13. The question as now raised arose for decision in the case of Sardarilal v. Narayanlal. The Full Bench of the Madhya Pradesh High Court observed that Section 109 has the effect of severing tenancy in respect of a part of the property transferred by the lessor and the transferee can terminate tenancy of the part transferred to him and that there was clear indication to this in the last clause of Section 109 which provides for appointment of rent in respect of the part transferred even without the consent of the lessee. It was further observed as indicated therein, the lessor, the transferee and the lessee may determine what portion of the premium of rent reserved by the lease is payable in respect of the part of the property transferred and such determination may be made by any Court having jurisdiction to entertain a suit for the possession of the property leased and the effect of this clause was to enable apportionment of rent in respect of part transferred even without consent of the lessee by an order of the Court. The provision for apportionment of the rent without consent of the lessee is an indication that Section 109 has the effect of severance of lease. Proceeding further, it is also observed as follows :
'....Section 109 will have to be construed differently in these two types of cases for which there is no justification. In our opinion, there is no such difficulty in the application of Section 109 because it does not apply to a ease where only a share in the property leased or a share in any part thereof is transferred.
We have earlier pointed out that the words 'any part of his interest therein' as used in Section 109 do not refer to any fractional share but only to an interest which is not the entire interest of the lessor but something less than that; for example, where the lessor, instead of selling the property leased or a party thereof, mortgages or leases the same it would be said that he has transferred his part of a interest therein. Cases where there is only a transfer of a fractional share in the property leased or in a part thereof would be governed by Section 37, and not by the Section 109. A transferee of a share in the property leased or in any part thereof will became a co-owner with the lessor and will stand in the same position as a co-lessor.'
14. I am in respectful agreement with this view. In the instant case, though two premises were leased together and there was a single tenancy in respect of both the premises, but the premises being well demarcated and severable and the two premises having been sold separately to respondents herein, they became landlords of the premises ; the rent was apportioned without creating any extra burden on the tenant and as such they were entitled to bring application for eviction of the respective portions transferred to them; they could as well join together. The fact that they have brought two separate proceedings in respect of separate premises transferred to them is not a ground to reject their claim for eviction. The Courts below have committed no error in making the orders of eviction.
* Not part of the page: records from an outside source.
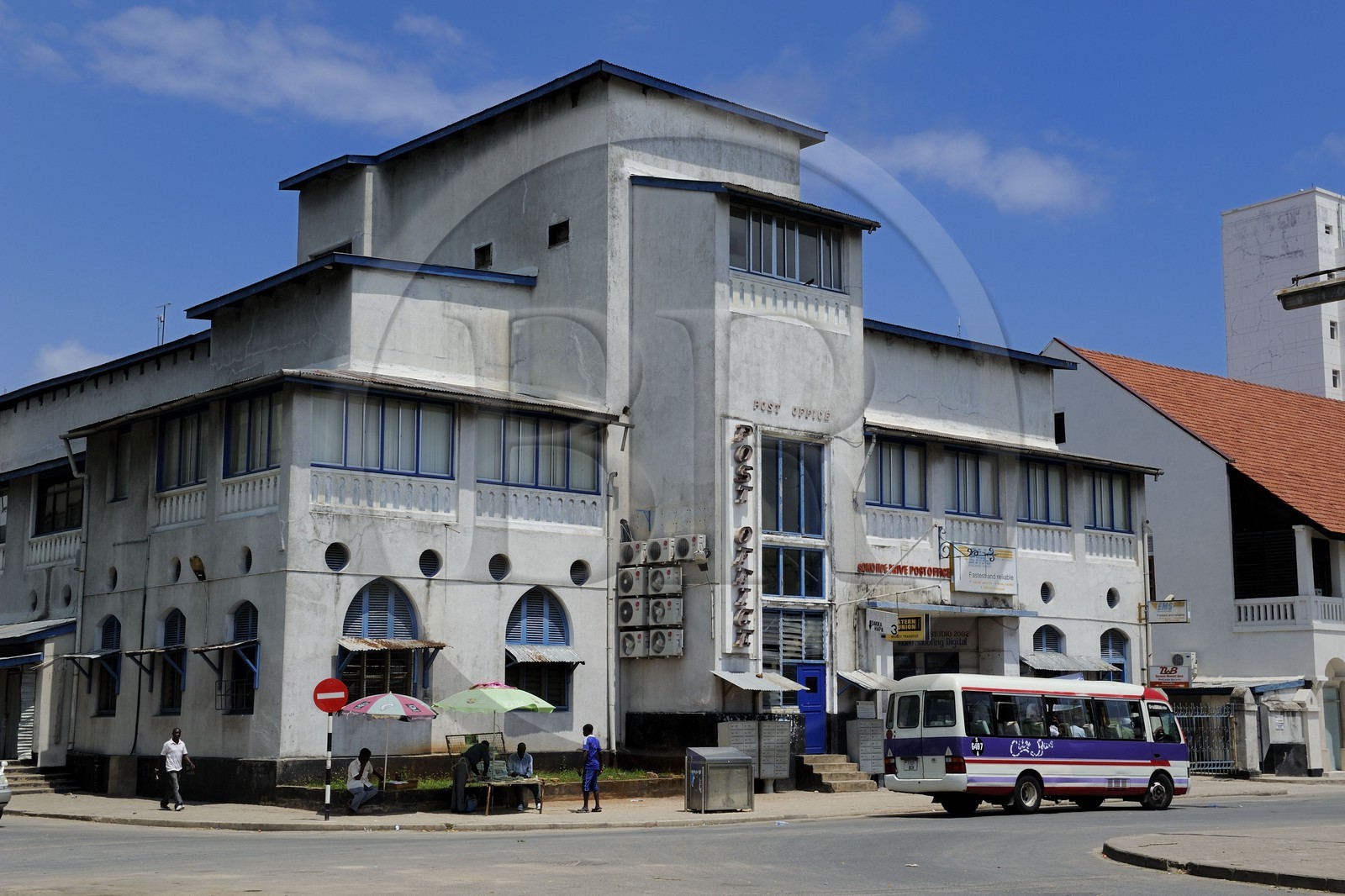 Tanzanie, Dar es-Salaam, l'ancienne poste centrale de l'époque coloniale Tanzanie, Dar es-Salaam, l'ancienne poste centrale de l'époque coloniale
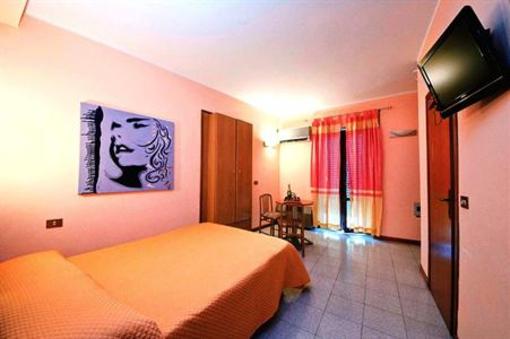 фото отеля Hotel Residence Viterbo Inn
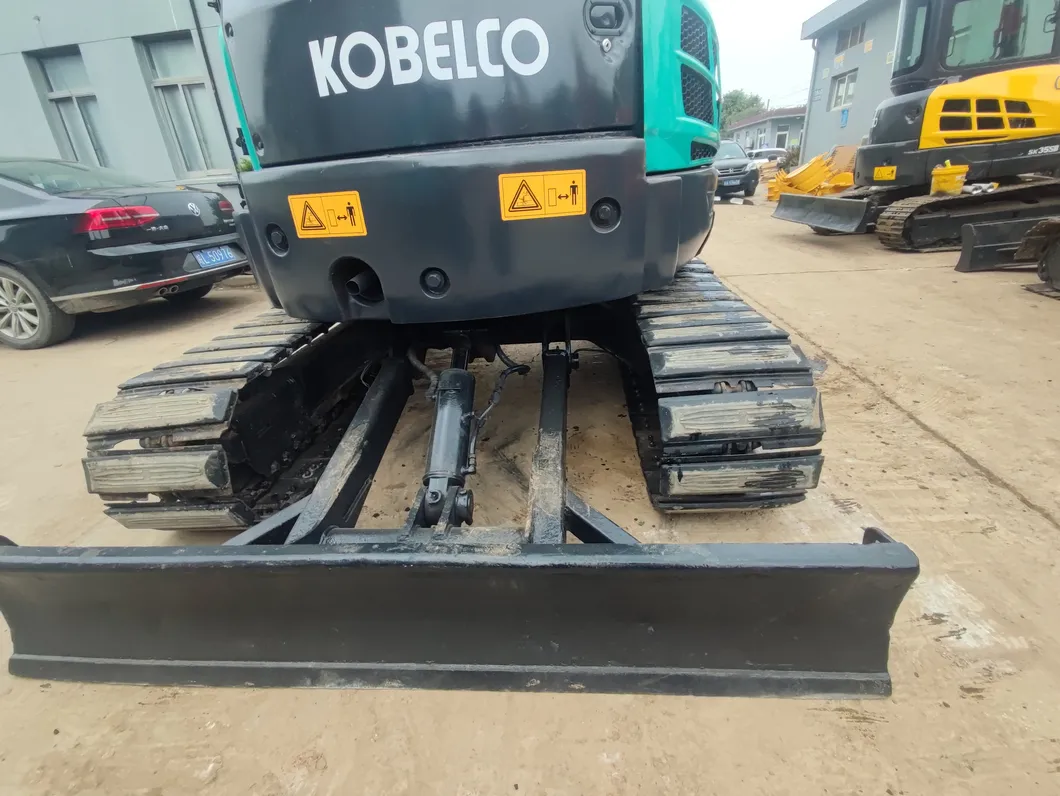 Small Crawler Excavator for Sale Digging Machine / Small Sk50 Hydraulic Digger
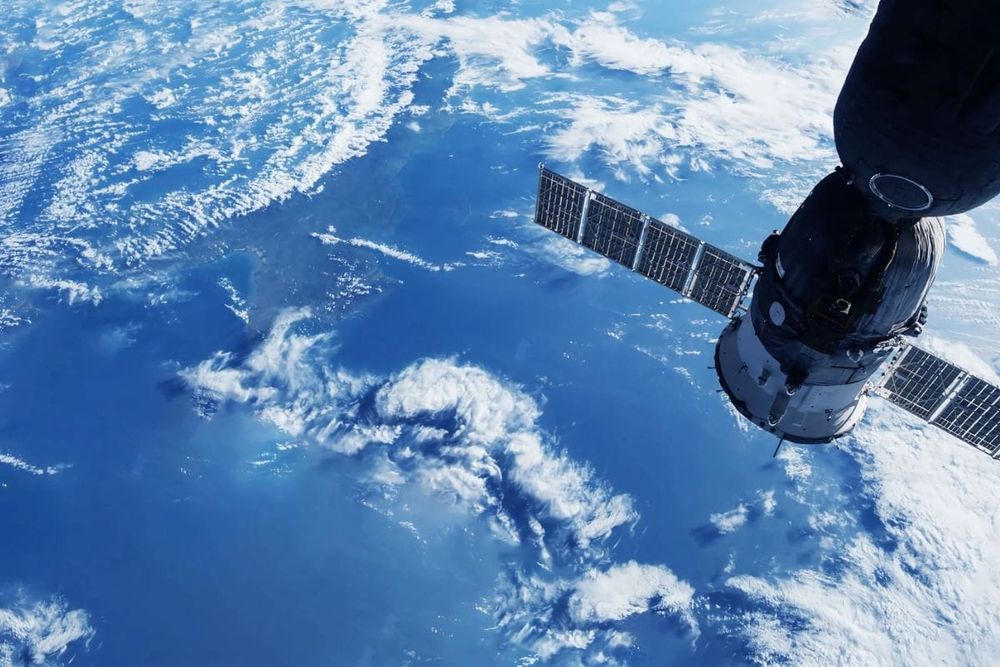 UAE Launches Satgate Project to Transform Maritime Sector with AI and Satellite Integration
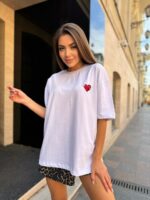 Женская Белая Футболка Свободного Кроя с Сердечком и Булавкой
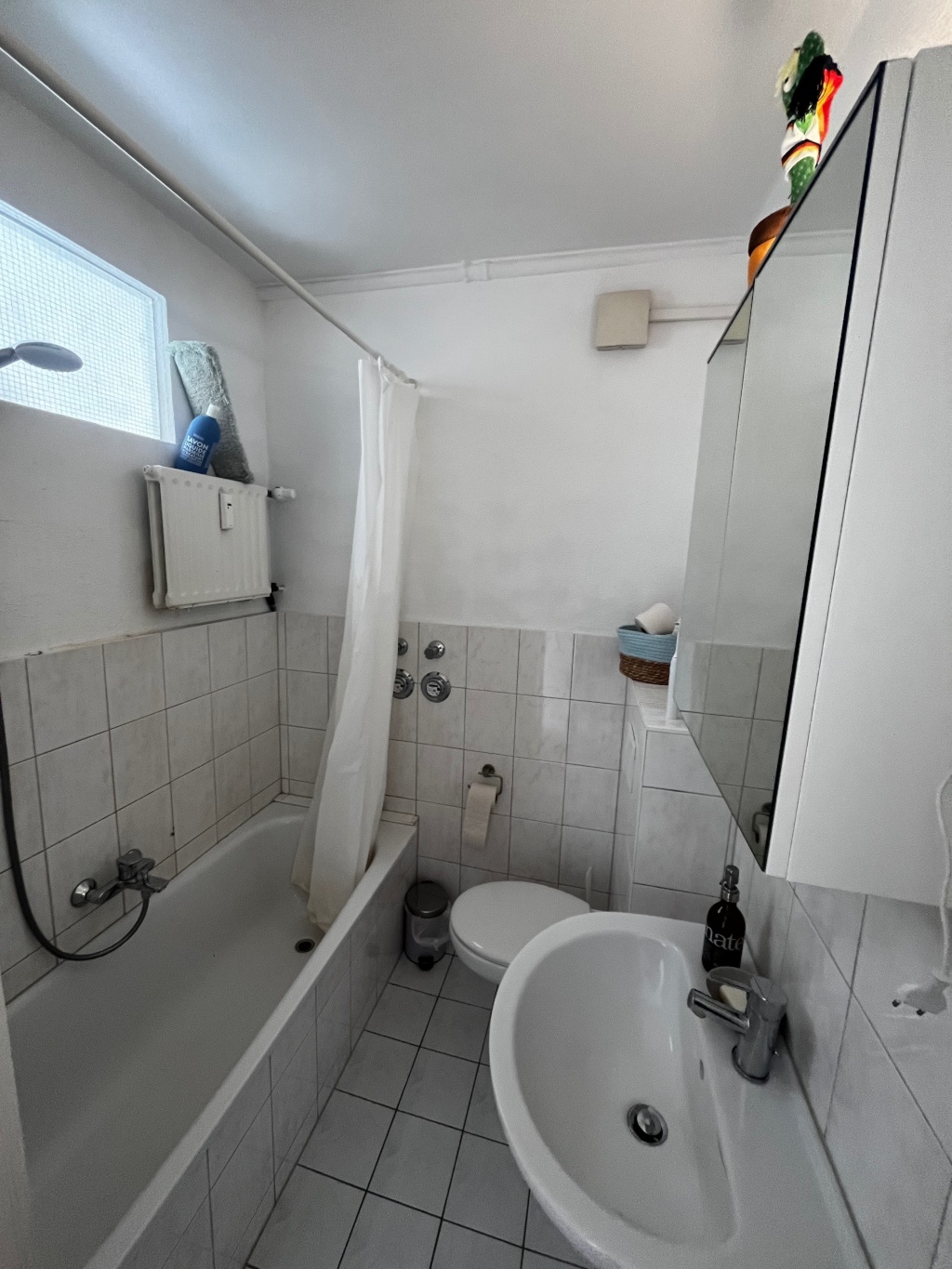 Teilmöblierte 2-Zimmer Wohnung – 20099 Hamburg St. Georg – Vorschaubild 7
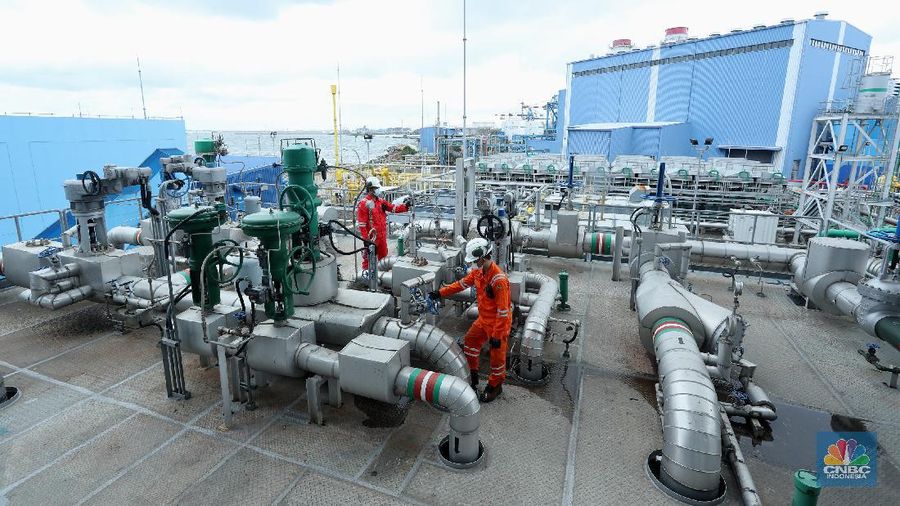 Pekerja beraktifitas di area pembangkit listrik tenaga Gas dan Uap Jawa 2 di (PLTGU) Tanjung Priok, Jakarta, Rabu (3/2/2021). Guna memenuhi kebutuhan energi listrik nasional, PLN berupaya meningkatkan penggunaan energi bersih dan ramah lingkungan. (CNBC Indonesia/Tri Susilo)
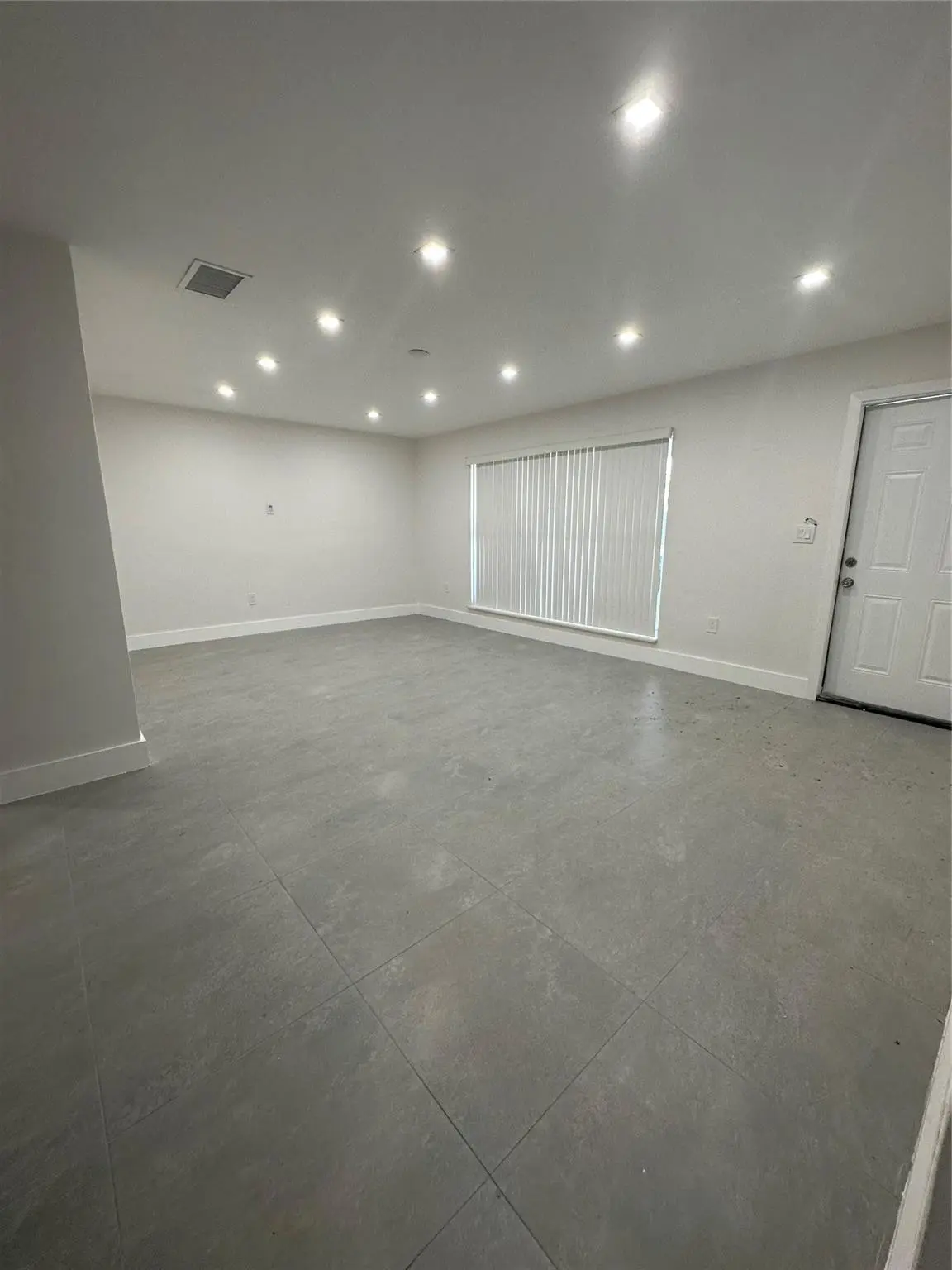 Photo 1 at 6350 LIBERTY Street, Hollywood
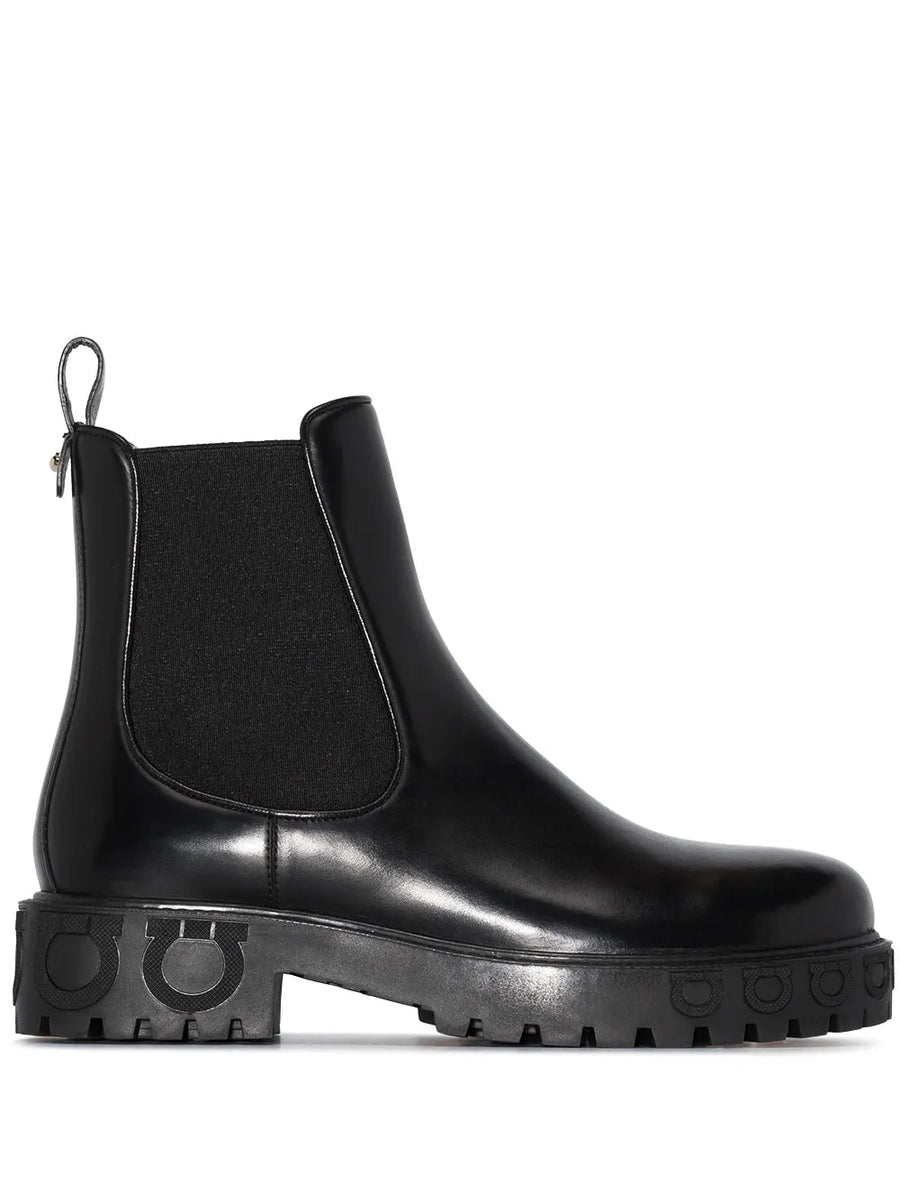 Ferragamo Leather chelsea boot in black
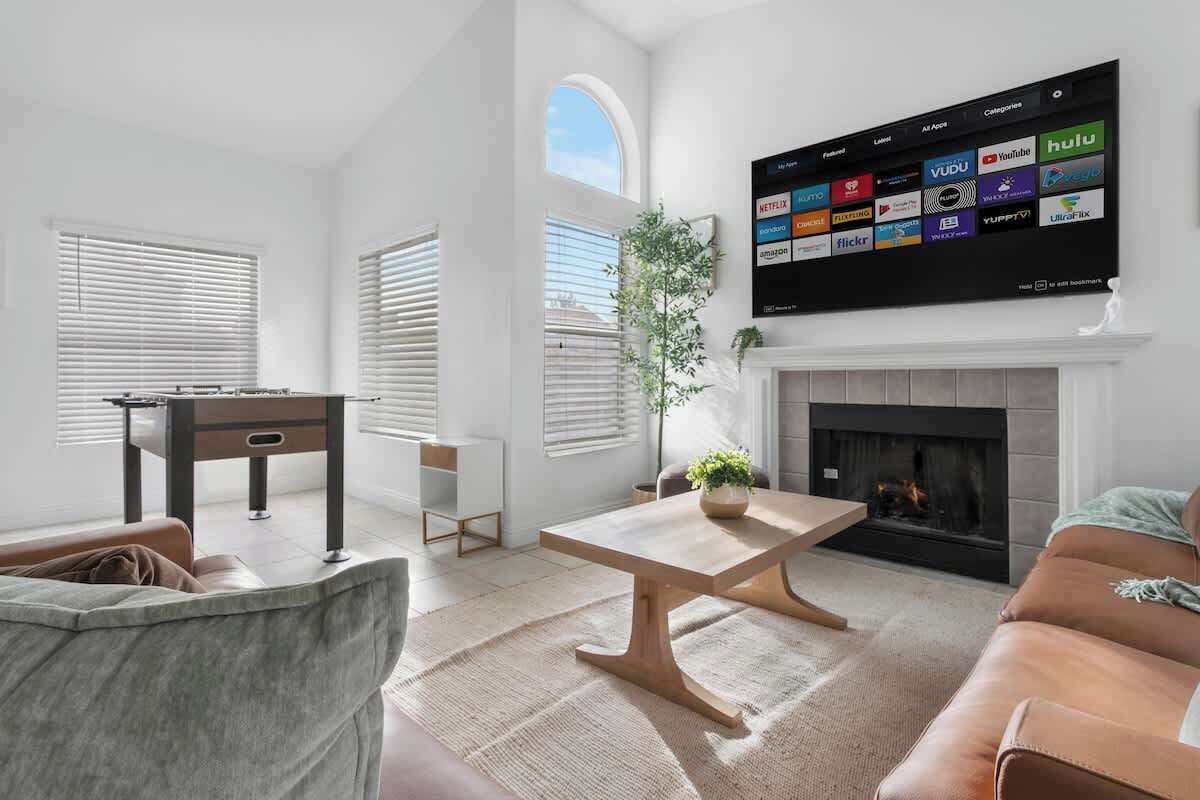 Televisión y oficina 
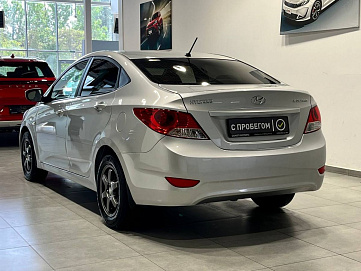 Hyundai Solaris, 2013г, передний привод, автомат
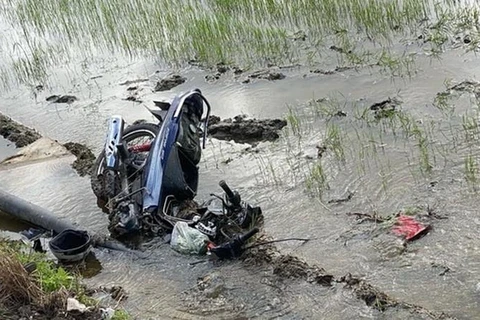 Nam Định: Va chạm với xe tải, hai người đi môtô thương vong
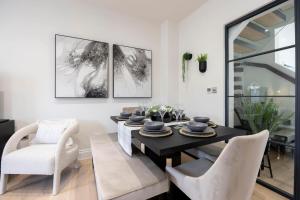 Elliot Oliver - Stunning 4 Bedroom Home with Parking in Cheltenham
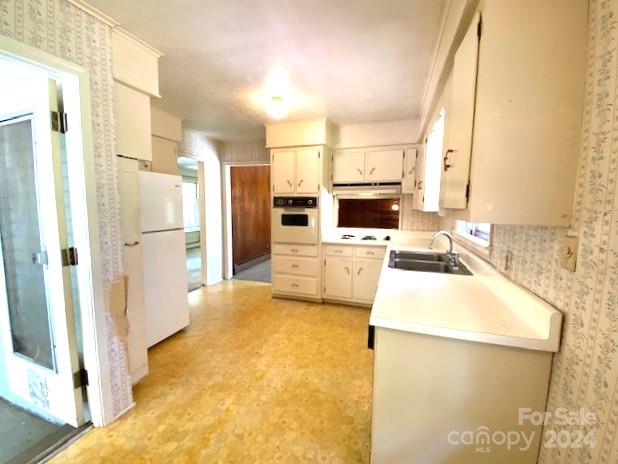 399 Balsam Road Hendersonville, NC 28792 - Photo 10 of 16 Gallery Image 10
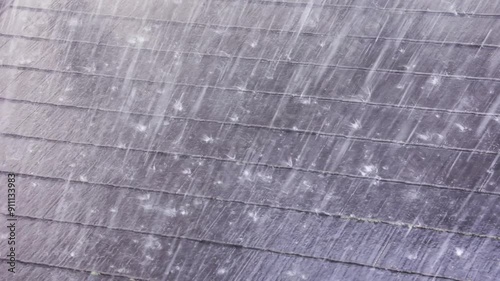豪雨、大雨が降る屋根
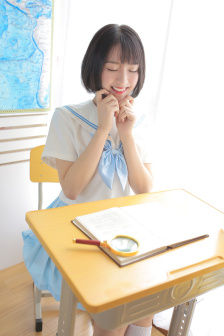 国精产品自偷偷拍在线观看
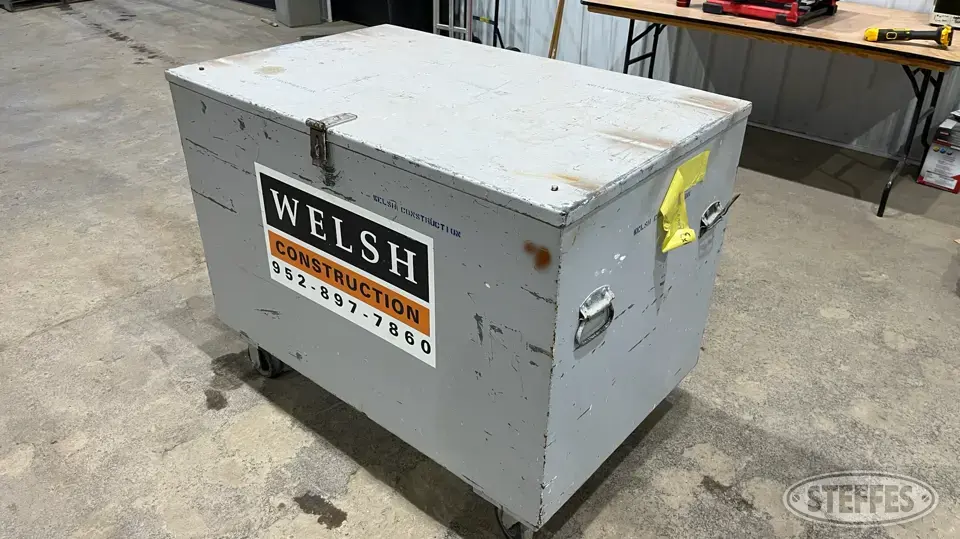 Jobox Storage and Bench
15. In the decision in the case of Miss. S. Sanyal v. Gian Chand the question of law as now raised and governed by the provisions of Section 109 of the Transfer of Property Act did not arise directly for consideration. Their Lordships of the Supreme Court, while dealing with the provisions contained in Section 13(1)(e) of the Delhi and Ajmer Rent Control Act (38 of 1952), have observed that the jurisdiction of the Court may be exercised under Section 13(1)(e) only when the premises are let for residential purposes and not when the premises being let for composite purposes, are used in specific portions for purposes residential and non-residential. There the contract of tenancy in respect of residential and non-residential portions of the premises being single and indivisible, their Lordships observed that, in the absence of any statutory provision, it was not open. to the Court to divide the tenancy into two contracts - One of letting for residential purposes and the other for non-residential purposes, and to grant relief to the landlord under Section 13(1)(e) limited to the portion of the demised property used for residential purposes. Neither there is any corresponding provision under the Karnataka Rent Control Act nor the law as enunciated by their Lordships of the Supreme Court in the said decision is applicable to the facts of the present case.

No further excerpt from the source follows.